Еще видит он стену сарая, на которой написано так и непроизнесенное нами словцо, и вспоминает о прихваченной штукатурке. Штукатуркой кинуться можно, но — легкая — она плохо полетит. А яблоком? Гнилое!
Во! Соловей же! Очка! Промахнешься, пошел и взял.
Чилик!
Пистык!
Кидает.
Галка, крикнув, отскакивает и принимается кружиться с отставленным в сторону покалеченным крылом. И сразу сникает. Убил!
— А глоть не мясо, суки!
Он бросается к ней и проваливается ногой в недогнивший снег. Вроде бы в яму от бывшего заборного столба. Нога ушла глубоко, до подснеговой влаги, а он и так промок. Рваные носки на нем подогнуты под пальцы. Отец считает, что правильней менять с одной ноги на другую — чтоб дырки на новые места приходились.

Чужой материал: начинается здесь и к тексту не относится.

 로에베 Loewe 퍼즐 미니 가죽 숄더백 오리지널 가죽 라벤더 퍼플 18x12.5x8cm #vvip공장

А Государцев говорил: «У меня на Фоминой ноги пирогами пахли…».
Калоша, чвакнув, ушла глубже, нога как всё равно засасывается. Мертвая галка забила крылом и, ставши черней чем была, что-то крикнула. Вторая слетела к ней и в недоумении запрыгала. Во! Ботинок тоже съехал! На нем полшнурка только…
Нога от намерения вытащить ее уходит глубже. До мудей уже ушла, хотя пальто вроде бы не пускает. Вторая подогнута как все равно вприсядку, и теперь, чтобы выбраться, надо обязательно во что-то упереться.